Imagine this. A special place where, for nothing more than the moments spent filling out a form, wonderful books are handed over to take home, read and enjoy. And when they’re returned, more take their place.
Imagine this. A special place where children come to learn the joys of reading. Where they listen to stories read by expert storytellers, play games on computers, choose books to love at home.
Imagine this. A place where volunteers and paid staff plan programs of interest to the community. Free or inexpensive programs that rival any entertainment on television.
Now, imagine this. Libraries closing, because there are no funds to keep their doors open in these difficult economic times. Gone will be the chance to discover new ideas and subjects. Gone the purpose for that library card passport to hours of entertainment. Gone, too, story hours and the accompanying boost to a lifetime of reading skills.

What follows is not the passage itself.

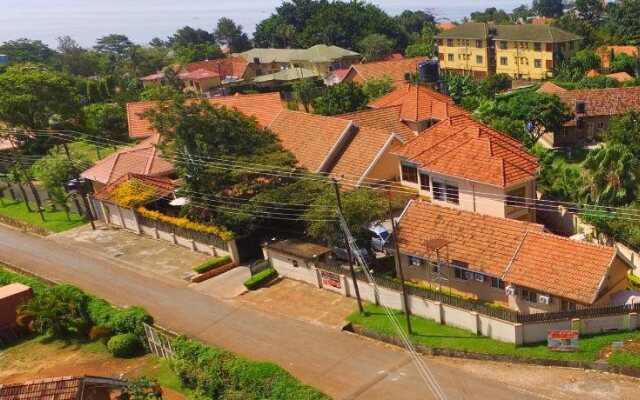 ESquire Inn Entebbe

My local library system is proposing significant cuts. Among the suggestions? Closing my local branch for three of the six days it’s now open, as well as other local branches, besides. And the librarian who enters new books into the computer system? Gone, too, along with other positions. Let’s not even talk about all the books that won’t be added to the shelves.
As a child I learned to read from library books. My mother read them to me. I memorized words, and soon I was reading on my own. I remember the smell of that library, exactly where the Oz books were on the shelves, the day that I graduated to the adult section. If we can’t protect our libraries, so much more than our economy is in trouble.
Yesterday I spoke and signed books at a luncheon at the Culpeper County Library. You can read about the talk here. But more important, I learned that not only is that wonderful library thriving, it’s about to add an important addition.
That’s good news. Very good news. Culpeper’s got the right idea. And so do the many citizens of my own county who have turned out to tell our beleaguered county board that budget cuts must come from other places.
Leave our libraries alone. If you make changes, make this one. Boost funding. Because, when times are tough, libraries are the very hearts of our communities.